• WHAT IS NEEDED
An exact copy, beginning at the line containing "We're going to" and ending at the final line of the records that follow, is the answer; it has no pictures and no other text.

DATA FOR THE TASK Block Start

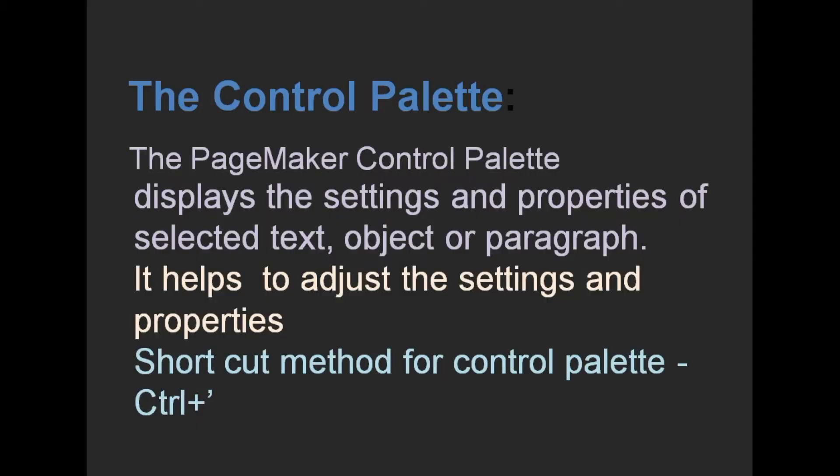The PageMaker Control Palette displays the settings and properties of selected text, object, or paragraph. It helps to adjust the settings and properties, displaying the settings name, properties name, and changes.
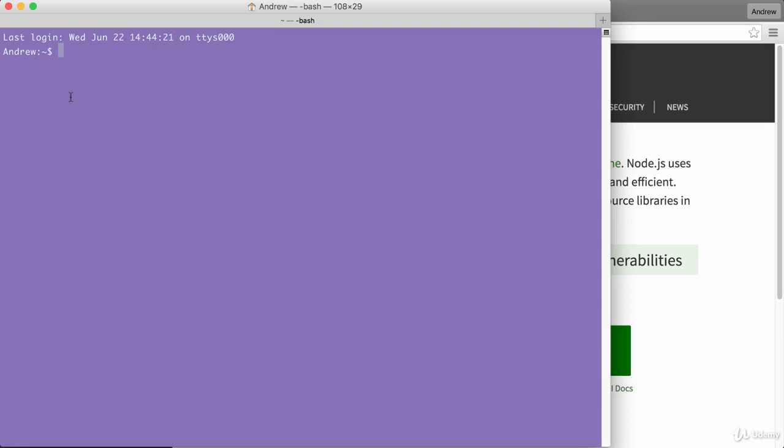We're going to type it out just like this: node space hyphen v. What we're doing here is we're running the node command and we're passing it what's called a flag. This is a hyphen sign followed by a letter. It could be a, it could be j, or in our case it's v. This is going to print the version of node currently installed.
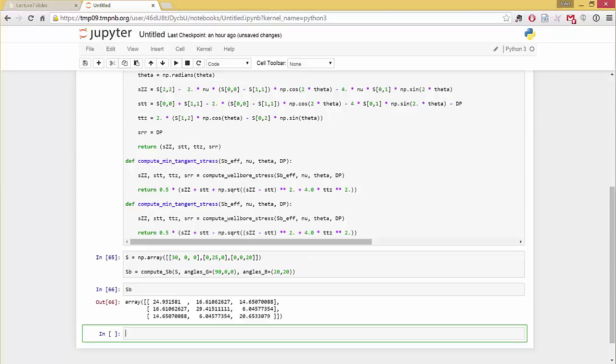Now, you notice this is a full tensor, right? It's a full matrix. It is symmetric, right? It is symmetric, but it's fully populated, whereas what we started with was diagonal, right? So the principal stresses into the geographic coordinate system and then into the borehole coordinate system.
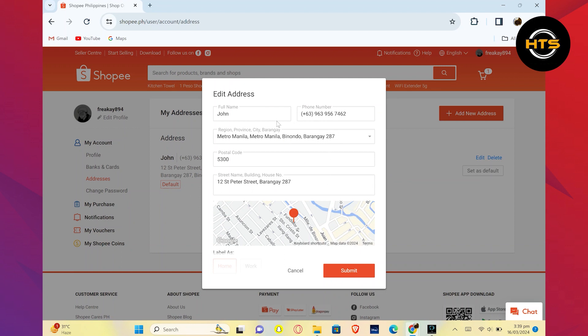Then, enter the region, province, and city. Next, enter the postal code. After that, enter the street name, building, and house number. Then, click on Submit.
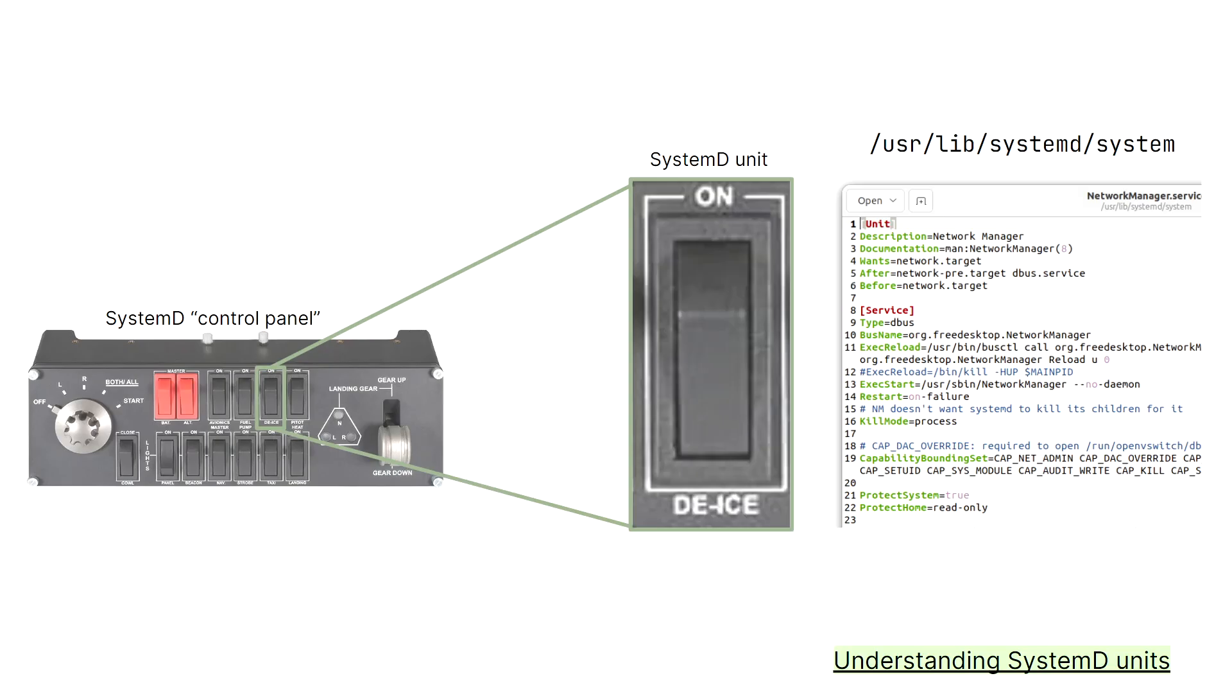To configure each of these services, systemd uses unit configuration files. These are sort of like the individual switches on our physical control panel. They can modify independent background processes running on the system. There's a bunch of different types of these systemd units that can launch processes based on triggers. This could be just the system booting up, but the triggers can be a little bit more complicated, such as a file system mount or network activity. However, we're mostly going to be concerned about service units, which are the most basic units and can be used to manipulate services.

DATA FOR THE TASK Block End

• ANSWER TO THE EXERCISE
We're going to type it out just like this: node space hyphen v. What we're doing here is we're running the node command and we're passing it what's called a flag. This is a hyphen sign followed by a letter. It could be a, it could be j, or in our case it's v. This is going to print the version of node currently installed.
Now, you notice this is a full tensor, right? It's a full matrix. It is symmetric, right? It is symmetric, but it's fully populated, whereas what we started with was diagonal, right? So the principal stresses into the geographic coordinate system and then into the borehole coordinate system.
Then, enter the region, province, and city. Next, enter the postal code. After that, enter the street name, building, and house number. Then, click on Submit.
To configure each of these services, systemd uses unit configuration files. These are sort of like the individual switches on our physical control panel. They can modify independent background processes running on the system. There's a bunch of different types of these systemd units that can launch processes based on triggers. This could be just the system booting up, but the triggers can be a little bit more complicated, such as a file system mount or network activity. However, we're mostly going to be concerned about service units, which are the most basic units and can be used to manipulate services.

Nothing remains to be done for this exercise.